Mrs. Flood out there breaking the fourth wall like it’s made of eggshells…

Recap

Mrs. Flood (Anita Dobson) and Cherry Sunday (Angela Wynter) sitting on Cherry's bed on Doctor Who, Empire of Death
Image: Disney+

The Doctor and Mel run from Susan Triad, who is now an agent of Sutekh (Gabriel Woolfe). All of Sutekh’s minions begin spreading the dust of death, which wipes out the entire population, Mel manages to get the Doctor to Ruby in the Time Window, and her memories allow the TARDIS within the Time Window to grow stronger so that they can board it. The console room is a very hodgepodge affair of the memory of all previous TARDISes packed into a pretty tight space. Sutekh shows up and tells the Doctor that he has been following him throughout the universe, latched onto the outside TARDIS, and planting his own agents (copies of Susan) that the Doctor couldn’t see due to perception filters. They are now destroying every place the Doctor has been to, taking up the majority of the universe.
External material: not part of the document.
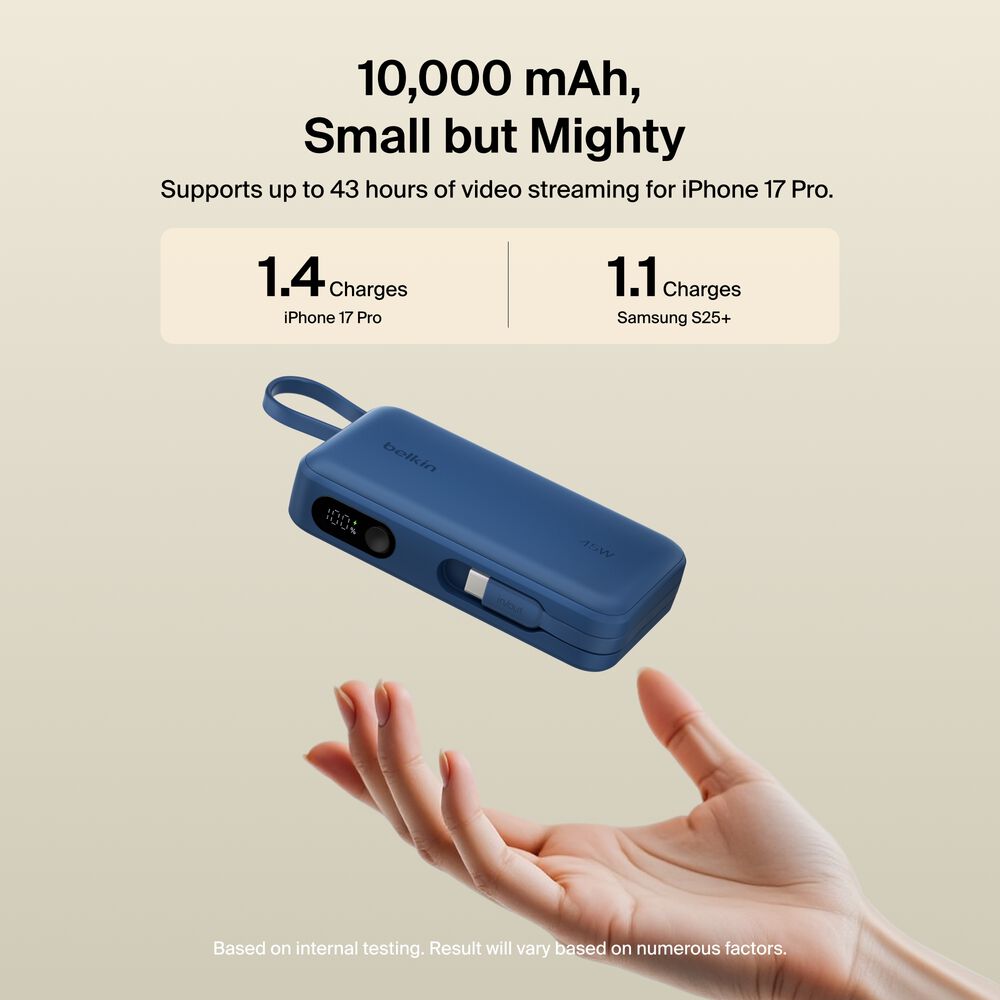 Power Bank 10K with Integrated Cable and Display, Blue, hi-res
The Doctor, Ruby, and Mel escape in the remembered TARDIS. The Doctor uses “intelligent rope” (similar to the glove he made) to keep the ship stable and materializes in space, mourning the loss of the universe. An unknown amount of time passes and the Doctor arrives on a world that is only half-gone, meeting a woman (Sian Clifford) who can barely remember who she is, or the family she’s lost. The Doctor asks if she has any metal and she gives him the last bit in her possession—a spoon. He thanks her and promises to use it to save the universe.

Back on the TARDIS, the Doctor uses the spoon to repair a screen from the Time Window. It only responds to Ruby’s questions and sends her bit of video, including footage of her mother’s blank visage, and interview from Roger ap Gwilliam. The Doctor remembers that Gwilliam made DNA testing compulsory, so they can go to the future and find out who Ruby’s mother is; apparently this mystery has been haunting Sutekh as well. As a being who has been able to see all of Time and Space, not being able to see Ruby’s mother is driving him mad. They land in 2046 and go looking through the DNA records right as Mel finally falls prey to Sutekh’s control, and she transports them all back to UNIT HQ with the answer to Ruby’s parentage.
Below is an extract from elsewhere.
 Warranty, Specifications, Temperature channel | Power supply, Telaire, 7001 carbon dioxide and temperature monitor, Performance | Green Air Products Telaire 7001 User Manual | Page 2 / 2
Sutekh demands the name of Ruby’s mother, and she makes to offer it, but smashes the screen with her identity at his feet and attaches the intelligent rope to his neck. The Doctor attaches the rope to the console and they drag Sutekh through the time vortex, forcing him to undo all that he’s done. Then the Doctor tells Sutekh that he must be life’s champion if Sutekh is the bringer of death, but the God has made him a monster because he must kill him now. He releases Sutekh into the time vortex, where the god disintegrates.
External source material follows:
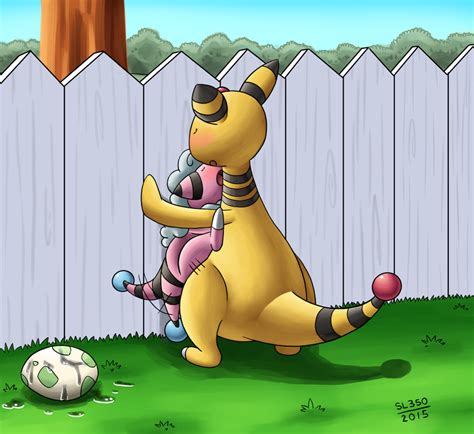 Rule 34 2018 Ampharos Blush Closed Eyes Duo Egg Female Fence Feral Flaaffy Grass Leaning Male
Back at UNIT, the group brings up the file on Ruby’s mother, Faye McKeever—just an ordinary woman who had Ruby when she was fifteen years old. It turns out that Sutekh only believed that she must be the key to defeating him because of the mystery and attention Ruby placed on her; their belief that she was important is what made her so. The reason that she was pointing in the Doctor’s direction on the old tape wasn’t to make note of him, but the street sign: She gave Ruby her name. Ruby wants to go meet her mother, and the Doctor suggests that perhaps she shouldn’t because the woman never attempting to contact her. Ruby ignores him and introduces herself at a coffee shop, prompting a tearful reunion. Faye comes home to meet her family and they get in touch with the man who was her father as well. Ruby wants the Doctor to come meet everyone, but the Doctor knows that she needs this time to herself. He promises that she’s changed him and that he will see her again, leaving in the TARDIS.

Mrs. Flood is one the roof of the building, telling us that Ruby got a happy ending, but the Doctor’s story will end in terror…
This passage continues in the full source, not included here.